Beneath each snippet is a link to a gist containing my other solutions

8 Queens
Clock Hands
Make A Language
Fractal Fibonacci Tree

Nota Bene: Code here is factored for fun and beauty. Best practices are cast to the wind with gleeful abandon.


8 Queens

Given an 8 x 8 board, find all the ways you can place 8 queens on the board such that none of them are threatened.

Instead of the conventional backtracking approach, this is a pure, functional implementation with no global state.

var {range} = require('range')
          
function isThreatened(board, pos) {
  return board.includes(pos) ||
         board.filter((e, i, a) =>
           a.length - i === Math.abs(e - pos)
         ).length
}
        
function nqueens(n, board=[]) {
  let moves = range(n).filter(e=>
    !isThreatened(board, e)
  )
          
  return board.length === n - 1
    ? moves
    : moves.map((m, i, a)=>
        nqueens(n, a.concat([m])).map(sol=>
          [m].concat(sol)
        )
      ).reduce((acc, cur) => acc.concat(cur), []);
}
        
  console.log(nqueens(8))  
    
Other versions: seisvelas@gist.github/nqueens

Clock Hands

Given a time, find the inner angle between the second and hour hands at that time.
Lorenzo, one of the volunteer mentors at holacode, taught us this problem.
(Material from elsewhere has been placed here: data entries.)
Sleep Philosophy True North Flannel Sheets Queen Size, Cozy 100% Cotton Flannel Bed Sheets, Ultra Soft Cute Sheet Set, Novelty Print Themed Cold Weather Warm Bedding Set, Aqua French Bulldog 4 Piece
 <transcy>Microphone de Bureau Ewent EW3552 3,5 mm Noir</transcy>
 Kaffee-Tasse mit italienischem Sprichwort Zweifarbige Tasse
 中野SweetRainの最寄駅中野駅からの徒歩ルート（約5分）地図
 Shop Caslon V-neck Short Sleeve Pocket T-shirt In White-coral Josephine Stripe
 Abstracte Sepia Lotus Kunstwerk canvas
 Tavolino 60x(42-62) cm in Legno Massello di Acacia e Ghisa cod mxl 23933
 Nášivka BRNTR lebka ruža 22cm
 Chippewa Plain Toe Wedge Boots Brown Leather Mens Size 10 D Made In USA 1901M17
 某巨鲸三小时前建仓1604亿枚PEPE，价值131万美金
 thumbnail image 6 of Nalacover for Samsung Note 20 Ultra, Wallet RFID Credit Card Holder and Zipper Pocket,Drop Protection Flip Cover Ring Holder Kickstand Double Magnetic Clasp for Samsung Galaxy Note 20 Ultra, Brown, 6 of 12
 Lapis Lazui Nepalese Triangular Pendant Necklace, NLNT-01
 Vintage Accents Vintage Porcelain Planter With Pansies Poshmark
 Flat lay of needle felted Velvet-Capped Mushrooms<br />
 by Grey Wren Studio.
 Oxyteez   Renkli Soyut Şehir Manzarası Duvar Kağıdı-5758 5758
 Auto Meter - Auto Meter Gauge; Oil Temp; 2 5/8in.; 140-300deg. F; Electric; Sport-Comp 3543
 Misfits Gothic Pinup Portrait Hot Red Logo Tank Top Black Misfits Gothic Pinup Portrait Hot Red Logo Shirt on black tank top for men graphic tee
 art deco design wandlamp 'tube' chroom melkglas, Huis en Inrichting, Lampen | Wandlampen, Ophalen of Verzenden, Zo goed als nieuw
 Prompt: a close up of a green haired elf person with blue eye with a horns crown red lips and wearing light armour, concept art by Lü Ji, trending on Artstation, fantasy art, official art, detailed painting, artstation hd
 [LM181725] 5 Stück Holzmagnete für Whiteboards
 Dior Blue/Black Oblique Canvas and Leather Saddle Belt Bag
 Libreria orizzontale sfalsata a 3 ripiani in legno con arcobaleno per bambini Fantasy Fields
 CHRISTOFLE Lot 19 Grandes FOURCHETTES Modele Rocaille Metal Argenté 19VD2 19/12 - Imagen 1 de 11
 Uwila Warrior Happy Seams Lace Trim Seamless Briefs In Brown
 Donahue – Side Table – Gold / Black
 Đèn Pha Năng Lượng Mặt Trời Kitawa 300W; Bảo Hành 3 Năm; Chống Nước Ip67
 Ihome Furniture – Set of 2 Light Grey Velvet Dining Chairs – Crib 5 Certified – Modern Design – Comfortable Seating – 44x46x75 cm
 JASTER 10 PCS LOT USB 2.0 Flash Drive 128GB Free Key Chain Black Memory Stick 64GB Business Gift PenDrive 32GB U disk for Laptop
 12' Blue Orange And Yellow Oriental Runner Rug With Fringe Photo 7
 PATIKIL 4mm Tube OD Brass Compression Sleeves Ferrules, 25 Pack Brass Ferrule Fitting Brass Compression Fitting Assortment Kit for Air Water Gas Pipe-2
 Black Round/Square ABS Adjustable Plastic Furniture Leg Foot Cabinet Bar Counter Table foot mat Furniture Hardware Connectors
He said it was given to him during his interview at Uber.

Below is my solution in Elixir. The Scheme version uses a macro so you can enter the time as-is. So : instead of the string literal ":" (like my Python version) or three integers like the version below.

defmodule ClockAngle do
  def pos(hour, minute) do
    5 * (rem(hour, 12) + minute / 60)
  end
  def angle(hour, minute, second) do
    hour_pos = pos(hour, minute)
    angle = abs(6 * (second - hour_pos))
    inner_angle = min(angle, 360 - angle)

    inner_angle
  end
end

IO.puts ClockAngle.angle(2, 20, 20)
Other versions: seisvelas@gist.github/clock

Make A Language

I made up a language called Rosario and implemented the interpreter in Lisp. The syntax is akin to an x86 assembly, with each line representing a discrete instruction and 'loops' simulated with label/goto spaghetti.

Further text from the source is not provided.